The state's decision follows Observer stories last month showing how the network became one of the world's fastest-growing religious broadcasters. With a budget that reached nearly $80 million last year, the network has raised much of its money by telling viewers that God brings financial favor to those who donate.
Those donations have helped network chief executive David Cerullo become the best-paid leader of any religious charity tracked by watchdog groups, with annual compensation exceeding $1.5 million.
In recent years, South Carolina offered the network incentives worth up to $26 million to land its City of Light campus – a deal which has been questioned by economic development experts.
The state Department of Revenue recently notified the broadcaster that it's not eligible for a property-tax break on its 92-acre campus.
This week, Inspiration protested the state's decision. A spokesman declined to comment Wednesday about why the network believes it's entitled to a tax exemption.
If the revenue department rejects Inspiration's arguments, the network can appeal to an administrative law court. It's unclear when a final decision will be reached, state officials say.
A department spokeswoman said she could not discuss the reasons for the denial, other than to say the broadcaster didn't fall under any of the allowed exemptions.
S.C. law lets religious and charitable organizations receive property tax exemptions “as long as the property is used exclusively for the organization's purpose and no profit is realized,” according to the department's Web site.
Registered as a non-profit, Inspiration is exempt from federal income taxes.
As of last June, the network had invested about $56.5 million in the Lancaster County property, according to grant paperwork filed with the state commerce department.
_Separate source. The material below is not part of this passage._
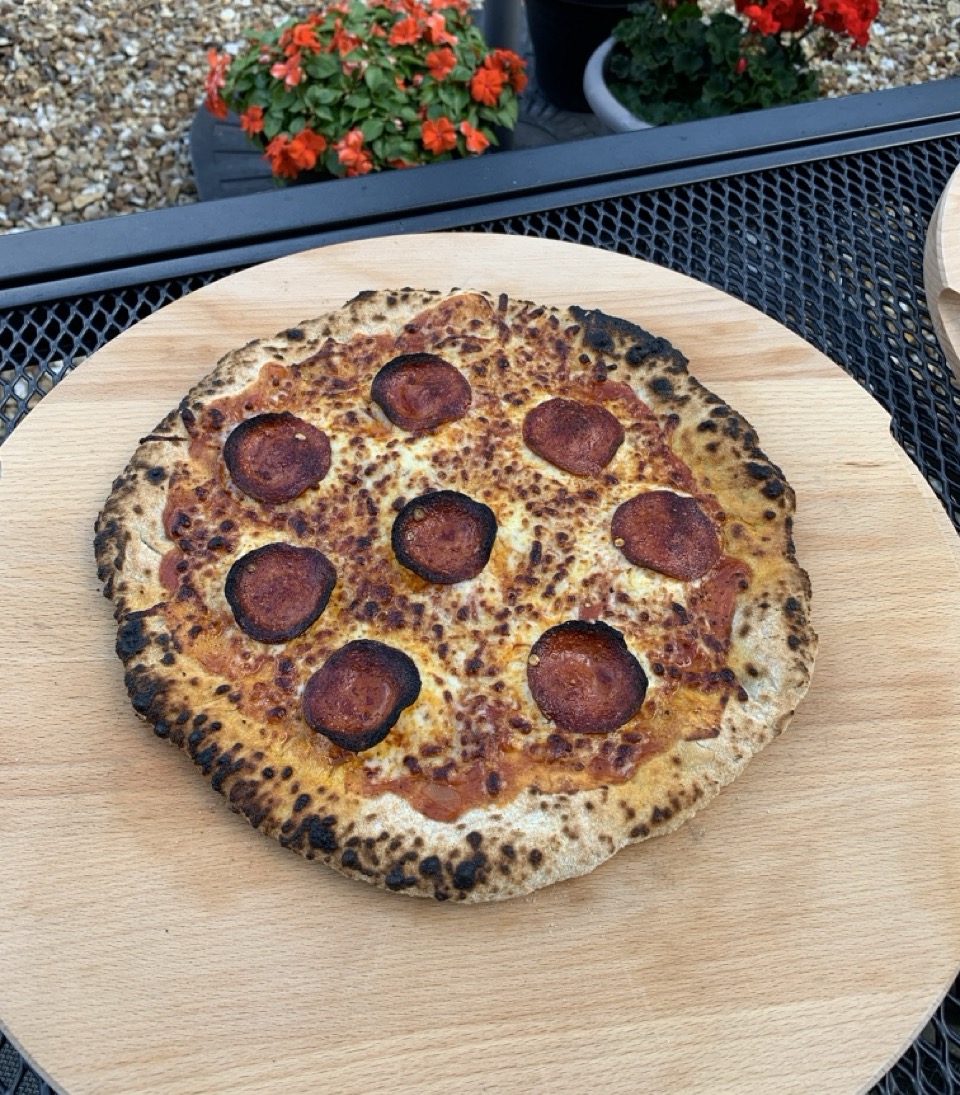 Pizza fresh from the pizza oven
The county has yet to put a tax value on the property, but if it's found to be worth $56 million, Inspiration would be required to pay about $830,000 in annual property taxes, said county assessor Norman Anderson.
“That's a lot of money to the county,” Anderson said. “That could be 20 or 30 teachers.”
With an unemployment rate of 19 percent, Lancaster County is hungry for jobs and tax revenue. About 14,000 textile jobs have disappeared from the county since the mid-1990s. Lancaster, the county seat, topped a recent Forbes magazine list of most economically vulnerable towns.
Last year, the county collected a total of $13.9 million in property tax revenue.
The City of Light campus, located five miles south of the Charlotte outerbelt, is in the fastest growing part of Lancaster County, near large housing and commercial developments.
Today, the campus is home to two recently completed buildings – a 118,000-square-foot headquarters and a building that houses a bookstore and prayer center.
Inspiration officials had also promised for-profit components – including condos and a media production facility – which state and local officials had hoped would boost tax coffers. But the network has yet to begin work on those pieces.
On Monday, county council members met with network representatives in closed session to discuss their development plans. “We were assured ... that everything they said they would do they were going to do,” said Rudy Carter, vice chair of the council.
Network officials have said they faced delays beyond their control but intend to honor their development promises.
Economic development experts interviewed by the Observer said S.C. officials made costly mistakes when they agreed to provide incentives to lure the network from its home in Charlotte. The organization moved its headquarters just 14 miles – a change that experts say is unlikely to boost the local economy.
In addition to its City of Light campus, the network this year purchased an adjacent 88-acre tract of undeveloped land, according to Anderson, the tax assessor. The network's request for tax exemption covers only the 92-acre campus.